Are there myths associated with this kind of cuisine? “ ‘Isse pet kaise bharega?’ I think is the biggest concern I’ve seen amongst Indians. Well one big portion or ten tiny portions will fill you up equally. It’s only about the perception,” says 26-year-old TV chef Saransh Goila, who anchored the popular food and travel show Roti, Rasta aur India. Although a proponent of authentic Indian food, he is greatly enamoured of the dramatic spectacle which a molecular recipe whips up and believes there will be takers in India amongst those “who treat food like luxury and a medium for entertainment.”
Kolkata-born chef Gaggan Anand, who trained under renowned ‘extreme’ molecular chef Ferran Adrià (who famously decided to close his Barcelona restaurant el Bulli when he felt his work was done) is a pious molecular practitioner. His eponymously titled restaurant, Gaggan, which opened in Bangkok in December 2010, is listed as the 17th best restaurant in the world, regularly frequented by Hollywood A-listers like Renee Zellweger and Zach Galifianakis—and he believes restaurants in India practising molecular techniques are still behind the curve as they try to woo audiences with outmoded gimmicks. Gaggan does not subscribe to half-hearted, play-safe attempts. “Indian chefs have to understand the magic of this type of cooking. It is not a new-age gizmo to impress our guests but a weapon to decode our cuisine. There is no going 50/50 in this cuisine. You either go all the way or you don’t,” he says. It looks like he is certainly attempting to: Gaggan is now planning to expand his research and development facility from 15 square feet to a 600 square feet space by the end of 2014, to make deeper forays into ultra- modernist Indian cuisine.
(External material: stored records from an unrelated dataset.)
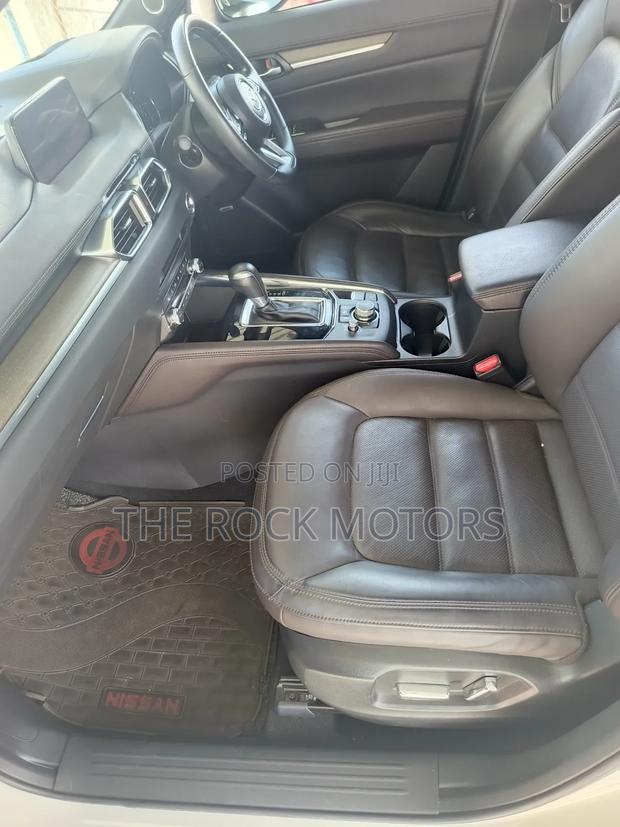 Mazda CX-5 2020 White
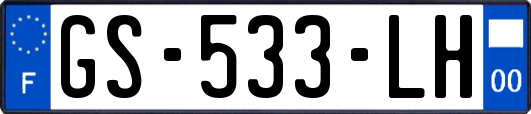 GS-533-LH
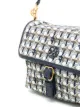 Tory Burch Bolsa tiracolo Piper estampada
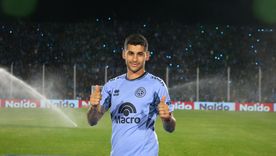 El Cuti Romero se pronunció tras el pasaje de Belgrano a la final. El Cuti Romero se pronunció tras el pasaje de Belgrano a la final.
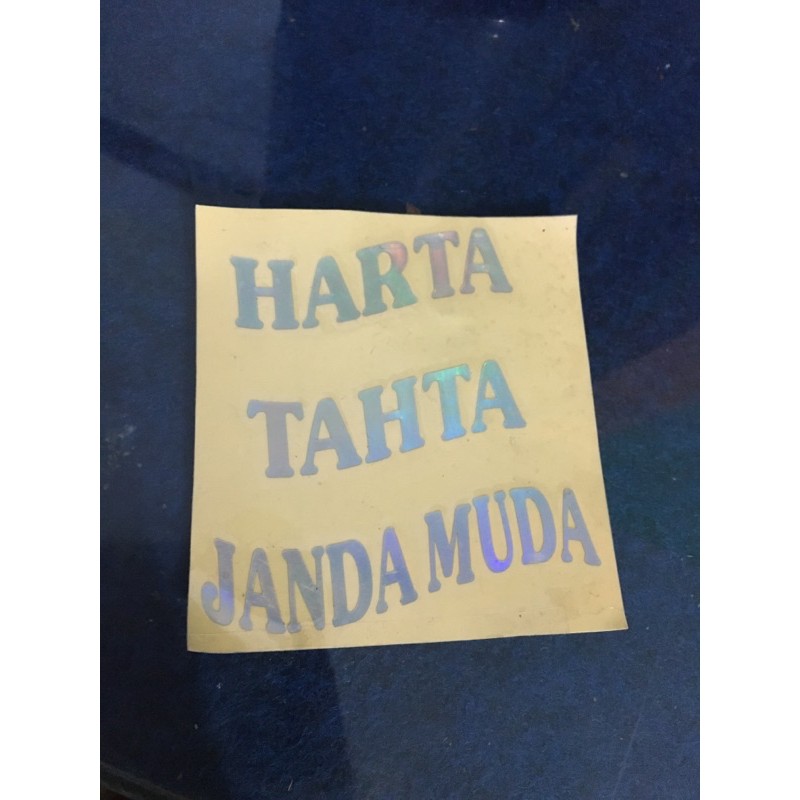 

sticker harta hologram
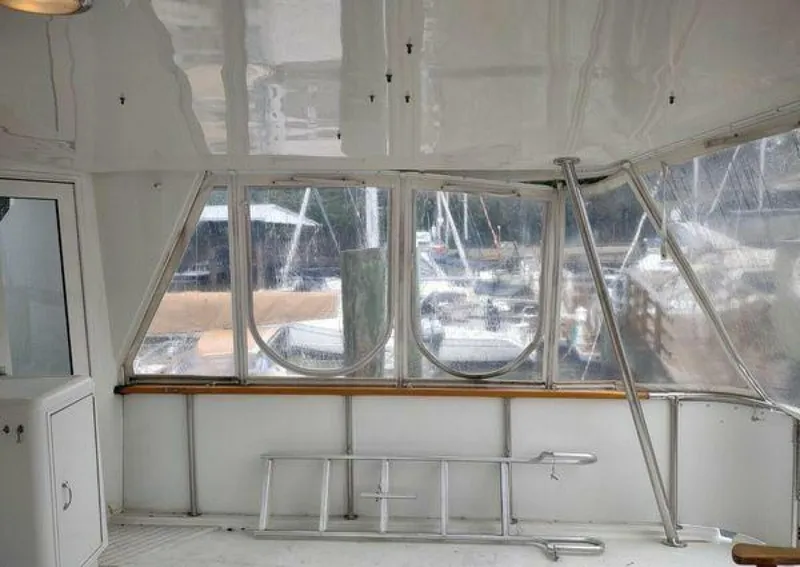 Slide: The Image of Hatteras 50' Sport Deck 1996 - 3901330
Purists and traditionalists who are proud of their culinary heritage still outnumber avant- garde gastronomes in India. As Sourish Bhattacharya, of the popular blog Indian Restaurant Spy, points out, “Molecular gastronomy, like all culinary fads, is going out of fashion across the world. Heston Blumenthal, the other icon of molecular gastronomy, has moved away from molecular gastronomy to rediscovering the old recipes of Britain. The chefs who have just started experimenting with molecular gastronomy in the country are clearly behind the times.” On the subject of new restaurants like Farzi Café, Bhattacharya says there are only some dishes that incorporate elements of molecular gastronomy at the cafe, such as the chutney foams. He personally believes that their best dishes are more in the mould of “inventive Indian” rather than “molecular Indian” like Bhoot Jholokia Spare Ribs, Chilli Duck Samosa with hoisin chutney and the Galouti Burger with Mutton Boti.
It is uncertain what role molecular techniques will play in the evolution of modern Indian cuisine; whether it will spawn further mutations, or give way to another trend. But, whatever the outcome, there is an eager restaurant-goer waiting in Indian cities.